Work order: Print every entry below exactly, leaving out the pictures.

--

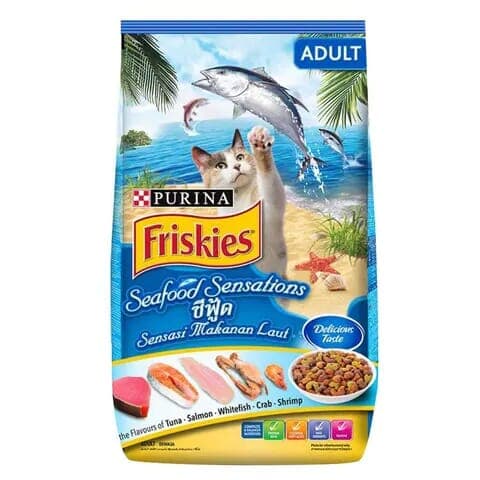 Purina Friskies Seafood Cat Food 1.1 Kg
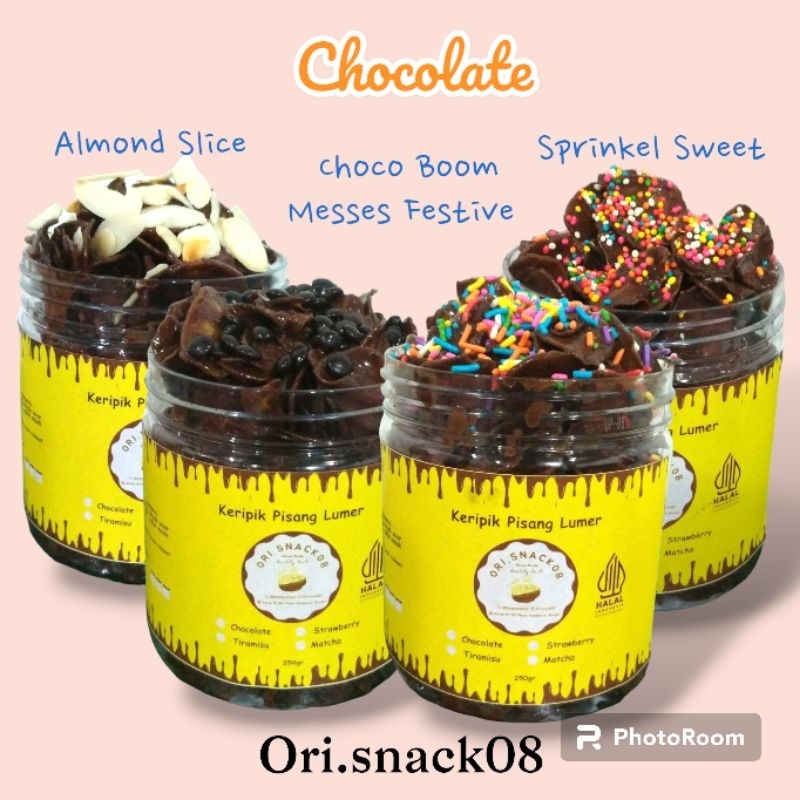 

Keripik Pisang Lumer 600ml| Chocolate
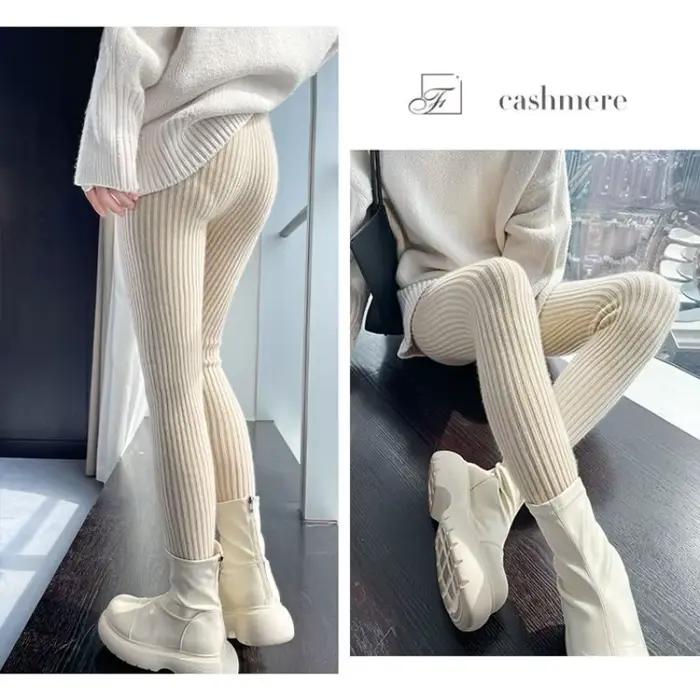 Slim legíny na jeseň pre ženy s vysokým pásom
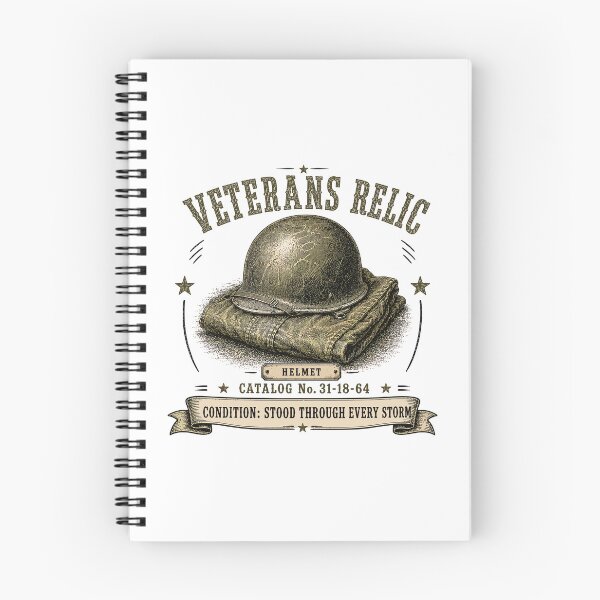 Item preview, Veterans Relic Helmet Vintage Military Engraving designed and sold by Mikoff04-arts.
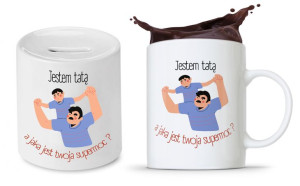 Zestaw Dla Taty Tatusia Prezent Kubek + Skarbonka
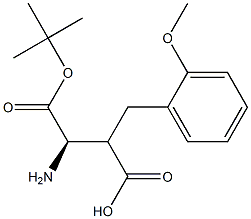 Boc-(R)-3-amino-2-(2-methoxybenzyl)propanoicacid,1260607-10-0,结构式
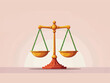 © budistwn - Vector legal justice scale icon, concept logo, classic illustration, full-color.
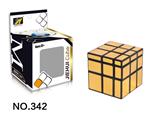 OBL820925 - THIRD ORDER MIRROR MAGIC CUBE / GOLD AND SILVER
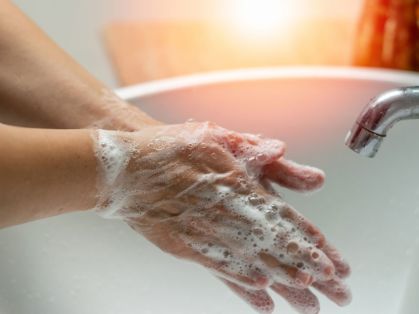 Bild: Hände waschen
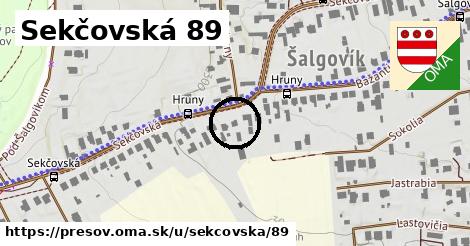Sekčovská 89, Prešov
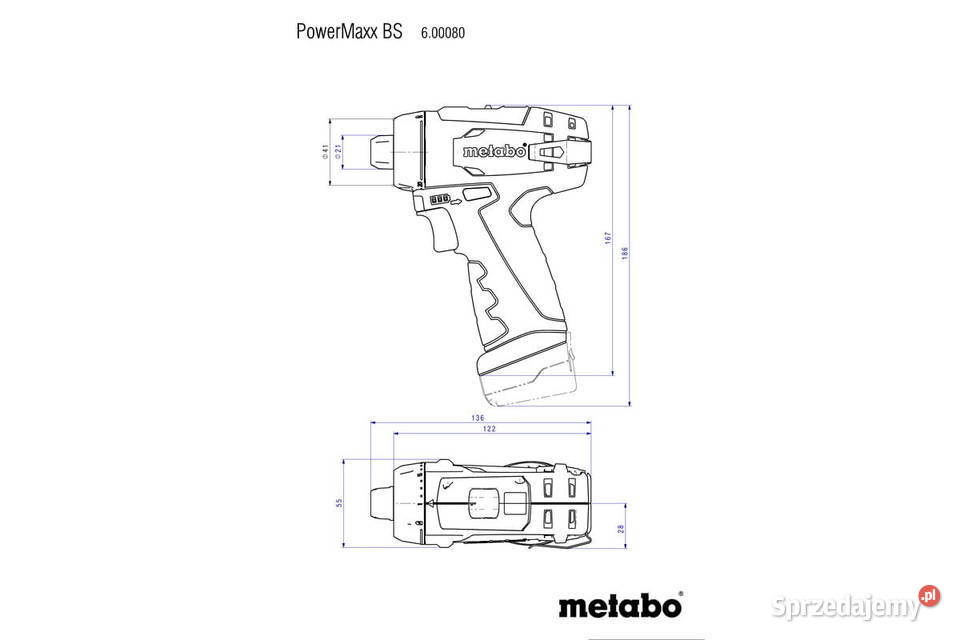Bity BAHCO wiertarkowkrętarka METABO adapter Dęblin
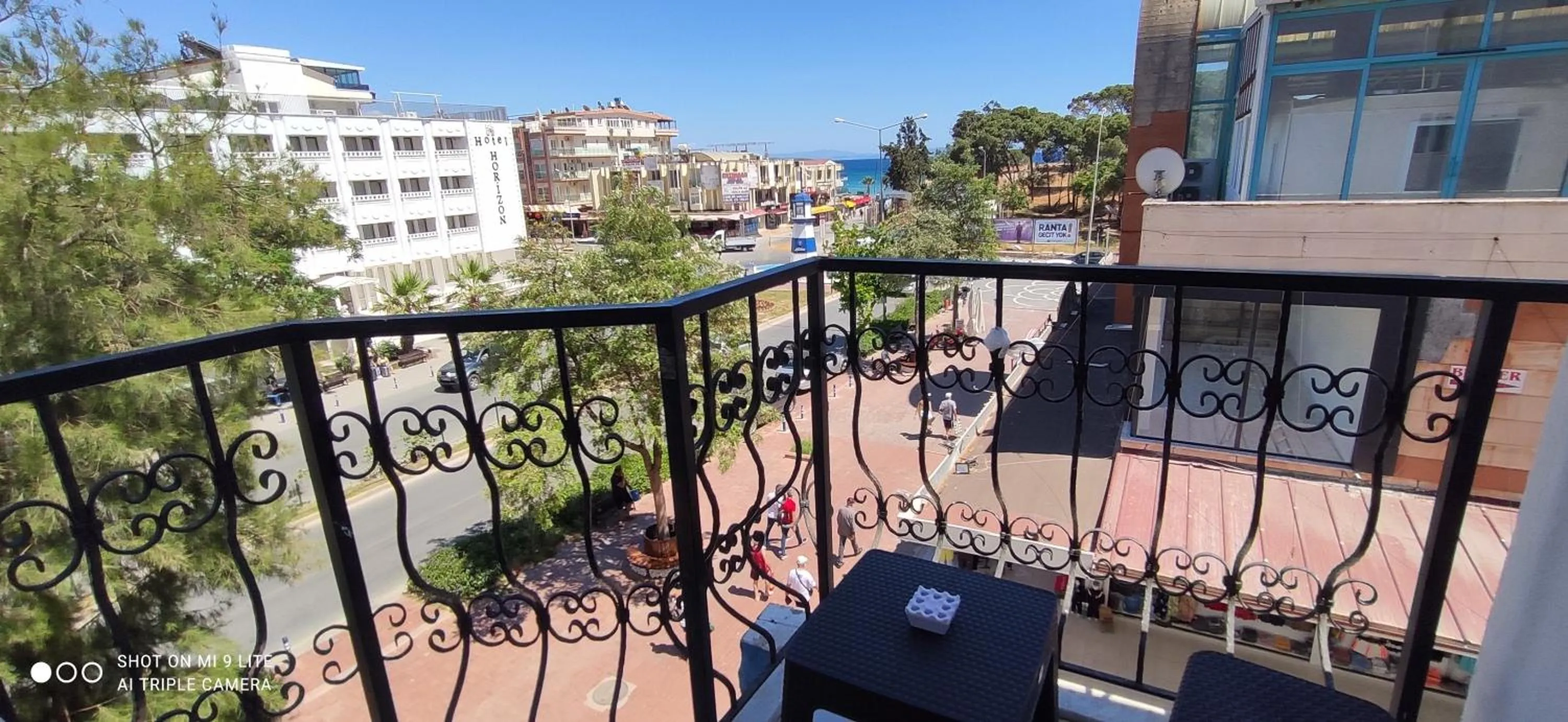Balcony/Terrace in Zeytindali Apart Hotel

--

Result for this task:
 Purina Friskies Seafood Cat Food 1.1 Kg

Keripik Pisang Lumer 600ml| Chocolate
 Slim legíny na jeseň pre ženy s vysokým pásom
 Item preview, Veterans Relic Helmet Vintage Military Engraving designed and sold by Mikoff04-arts.
 Zestaw Dla Taty Tatusia Prezent Kubek + Skarbonka
 Boc-(R)-3-amino-2-(2-methoxybenzyl)propanoicacid,1260607-10-0,结构式
 © budistwn - Vector legal justice scale icon, concept logo, classic illustration, full-color.
 OBL820925 - THIRD ORDER MIRROR MAGIC CUBE / GOLD AND SILVER
 Bild: Hände waschen
Sekčovská 89, Prešov
Bity BAHCO wiertarkowkrętarka METABO adapter Dęblin
Balcony/Terrace in Zeytindali Apart Hotel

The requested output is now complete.